=== What you will do ===
Starting at the line that contains "Hikity — carte" and stopping after the line that contains "Genuine British 6", transcribe the listing below exactly; do not include any pictures.

=== Records for this task ===
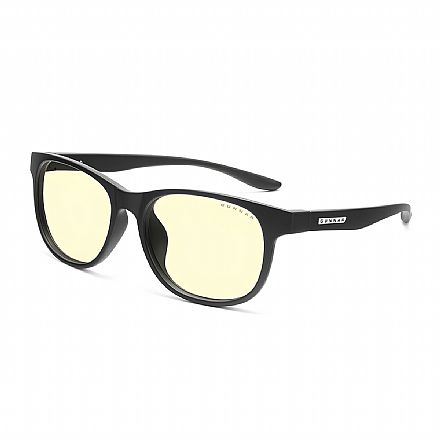 Óculos Gamer Gunnar Rush - Filtro de Luz Azul - Ambar Amarelo - Antirreflexo - Armação Onix - Preto - RUS-00101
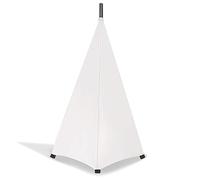 Pongnas Speaker Stand Cover, Elastic Tripod Cover with Stretchable Fabric and Hook Loop Strap, for Stage Studio Wedding Banquet Event (Three sides)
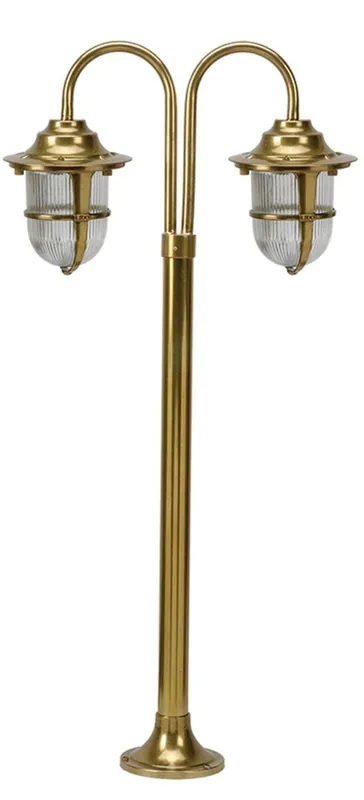 Gartenlampe Messing H:85cm dekorativ außen Maritim Sofort Bestellen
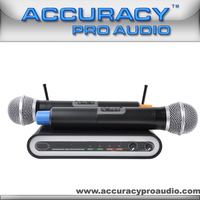 Hikity — carte son professionnel, micro sans fil, haute précision Pro, UHF-113, double canal, pour streaming en direct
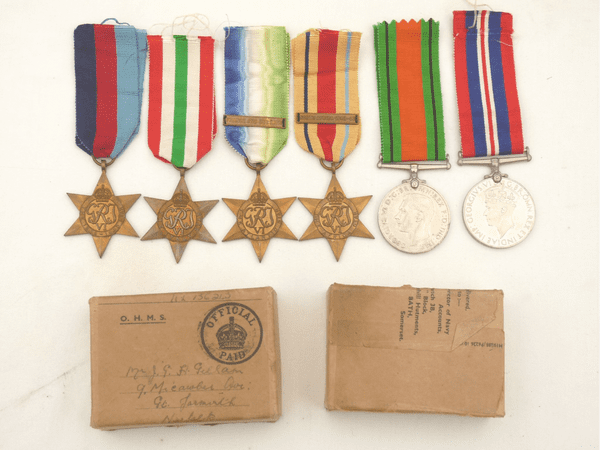 Genuine British 6 medal boxed group to Royal Navy, with 2 clasps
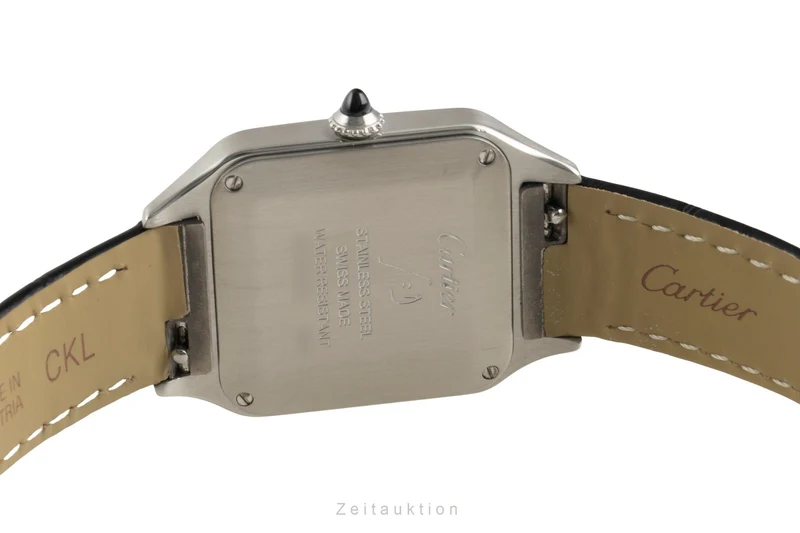 Cartier Santos Dumont steel quartz women's watch WSSA0023 [2603064]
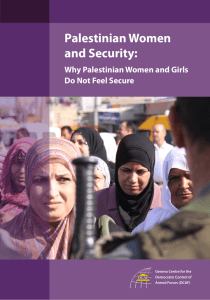 Palestinian Women and Security: Why Palestinian Women and Girls Do Not Feel Secure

=== Answer for this exercise ===
 Hikity — carte son professionnel, micro sans fil, haute précision Pro, UHF-113, double canal, pour streaming en direct
 Genuine British 6 medal boxed group to Royal Navy, with 2 clasps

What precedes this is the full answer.